K-Nearest implementation from scratch with Python

Machine Learning
Author

Anushka Dhiman

Published

January 17, 2025


What is KNN?

K-Nearest Neighbors (KNN) which is a simple, yet effective, algorithm used for classification (and regression) tasks.

It is a classification algorithm that assigns a class label to a data point based on the class labels of its k nearest neighbors in the training set. It is a non-parametric algorithm, which means that it does not make any assumptions about the distribution of the data.

The KNN algorithm works as follows:

  • Choose a value of k (the number of nearest neighbors to consider).
  • For each data point in the test set, compute its distance to all data points in the training set.
  • Select the k nearest neighbors based on their distances.
  • Assign the class label that appears most frequently among the k nearest neighbors to the test point.

The distance between two data points can be computed using a distance metric such as Euclidean distance, Manhattan distance, or Minkowski distance.

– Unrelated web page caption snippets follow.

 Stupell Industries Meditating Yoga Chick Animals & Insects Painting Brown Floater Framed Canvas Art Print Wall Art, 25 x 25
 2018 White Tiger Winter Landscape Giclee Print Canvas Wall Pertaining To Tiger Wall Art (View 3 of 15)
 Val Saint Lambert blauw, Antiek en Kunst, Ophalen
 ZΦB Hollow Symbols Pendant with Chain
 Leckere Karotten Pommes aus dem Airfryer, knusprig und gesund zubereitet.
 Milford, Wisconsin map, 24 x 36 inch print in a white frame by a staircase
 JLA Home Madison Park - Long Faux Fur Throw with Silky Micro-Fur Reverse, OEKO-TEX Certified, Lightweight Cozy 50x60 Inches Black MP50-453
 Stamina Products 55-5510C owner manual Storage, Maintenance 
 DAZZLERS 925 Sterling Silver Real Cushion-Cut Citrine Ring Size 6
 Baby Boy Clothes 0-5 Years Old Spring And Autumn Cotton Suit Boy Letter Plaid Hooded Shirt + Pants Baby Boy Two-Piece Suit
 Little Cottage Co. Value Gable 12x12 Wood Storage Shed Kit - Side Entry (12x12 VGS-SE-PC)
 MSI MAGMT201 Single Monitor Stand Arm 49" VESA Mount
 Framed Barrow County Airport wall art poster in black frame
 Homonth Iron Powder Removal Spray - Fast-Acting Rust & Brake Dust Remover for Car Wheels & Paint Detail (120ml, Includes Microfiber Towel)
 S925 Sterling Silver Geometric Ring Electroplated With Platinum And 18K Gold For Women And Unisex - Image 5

The choice of distance metric depends on the nature of the data and the problem at hand.

One important aspect of the KNN algorithm is the choice of the value of k. A small value of k will result in a more flexible decision boundary that can capture complex patterns in the data, but may also lead to overfitting. A large value of k will result in a smoother decision boundary that may not capture fine details in the data, but is less prone to overfitting. The value of k is typically chosen using cross-validation.

KNN can also be used for regression tasks, where the goal is to predict a continuous value instead of a class label. In this case, the predicted value for a test point is the average of the values of its k nearest neighbors in the training set.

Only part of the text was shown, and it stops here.